Bitcoin Tops $1,000 For the First Time 371
An anonymous reader writes with this bit from The Next Web "Bitcoin hit a new milestone today, passing the $1,000 mark for the first time. The virtual currency is currently trading above the four-digit figure, with its highest at $1,030 on Mt. Gox, one of the largest exchanges. Last week, Bitcoin's high for the day was $632. That means its trading value has surged 62.83 percent in a week, assuming we're looking at just its high points. That figure could of course rise even further if Bitcoin continues to push further up throughout the day."
Re:Who wants to prick the bubble? (Score:4, Interesting)
I'm a bitcoin miner and I do agree they are overpriced at the moment. It should be $200-300 IMHO.
Re:Sell now. (Score:5, Interesting)
Great! Lets do a 100 dollar bet: if the price at January 1st is lower than now I pay you $100, otherwise you pay me $100. You're in?
Where is all of this money coming from? (Score:4, Interesting)
Or it's an attack on the system itself, maybe someone figure out a way to race the market and make money?
Re:Why do they call it a currency? (Score:3, Interesting)
I'm coming to the conclusion that there IS a fundamental basis for it: drugs, and other black-market items. They want an online currency, and there's a lot of demand for their product. Silk Road is shut down, but new ones will keep popping up. The demand is real, so even if you didn't have speculators there would be demand for the currency in which drugs are bought.

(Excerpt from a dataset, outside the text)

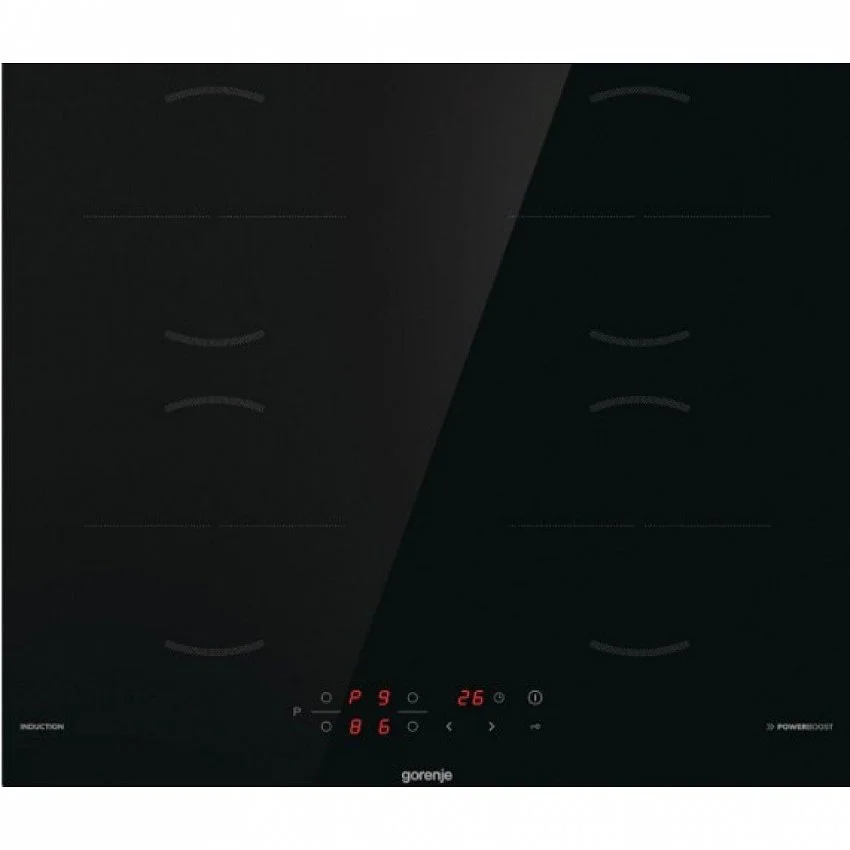 Индукционая варочная панель GORENJE GI6401BSCE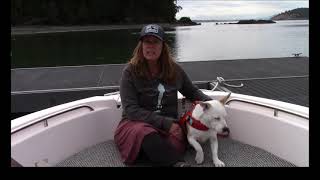 Conservation Canines - Giles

The one thing I don't quite get, though, is that Bitcoin is too traceable for a proper black-market currency. It's famously and explicitly pseudonymous rather than anonymous. Seems to me that's very dangerous for the buyers and eventually for the sellers. I'd expect somebody to come up with a less traceable model. That would be the real crash to Bitcoin.
And ironically, that would make demand for this currency even stronger and more stable. Which would, in turn, give more real-world markets an interest in accepting it. Right now, when somebody asks what the value of the dollar is, it's ultimately based in the taxes you pay for the services you receive as a citizen, even though that's very, very abstract. I don't see why it couldn't ultimately be "because a bunch of drug dealers are willing to accept it and trade it among each other": the demand for drugs is just as real a thing.
Re:Who wants to prick the bubble? (Score:5, Interesting)
We might encounter other problems though such as traders making BTC unproductive for people using it for goods and services. It could also crash if some large (or simply enough) players cash out and deplete various exchange's ability to convert BTC into other currencies, which could cause exchanges to close shop and thus reduce the utility.
Though historically there are plenty of examples of bubbles of easily subdivided items, even including things like gold. So you can not get a housing-style bubble with BTC, but that does not make it immune from the general pattern.
Re:Why do they call it a currency? (Score:3, Interesting)
Re:Sell now. (Score:2, Interesting)
There will undoubtedly be many more crashes before bitcoin price achieves parity with its fundamental economic value. I hope to buy many bitcoins at a severe discount during those crashes.
The fundamental value of bitcoin is determined by Fisher's quantity theory of money, PQ=MV. This is not an economic hypothesis. It is no less certain than the analogous law of physics, the ideal gas law. MV = 90,000,000. A very pessimistic estimate of PQ would include 50% of international remittances and 50% of the black market globally, which yields a figure in excess of 1 trillion USD. Do the math. Discount this future attractor value by 2 factors: 1) a risk-free interest rate, and 2) the distribution of estimate error.
I will sell bitcoin when the price meets or exceeds its discounted fundamental future fair value. I do not expect this to occur for at least 5 years.
Looks like deflation (Score:5, Interesting)
Re:November, 2013: (Score:4, Interesting)
Sometimes being able to buy stuff without being fucking tracked is not only perfectly reasonable, it's a damn good idea.
Like elections.
Except that several websites keep a running tally of who has donated to whom, and how much.
Sadly, the people buying elections have so much money and power that fear of discovery doesn't even cross their minds; hell, some of them are proud to be subverting the democratic process.
Re: Sell now. (Score:4, Interesting)
That's part of the problem. People are putting real value into the bitcoin market, value that the holders of old coins can come and claim whenever they feel like it. If any significant amount of old coins are cashed in, it's going to cause the mother of all crashes.
AFTER that happens, bitcoin might be a reasonably stable currency to do things with. It depends on whether the cashing in kills it or not.
If 10 people with 1000 bitcoins each now went to MtGoX and wanted to cash in their bitcoins, what would that do to MtGoX? I think they'd be fucked.
Seriously, this is empty speculation and there isn't the actual money invested in bitcoins to support this increase in face value. The system is fucked. Theres no way the bitcoins in circulation today could actually be cashed in for actual money.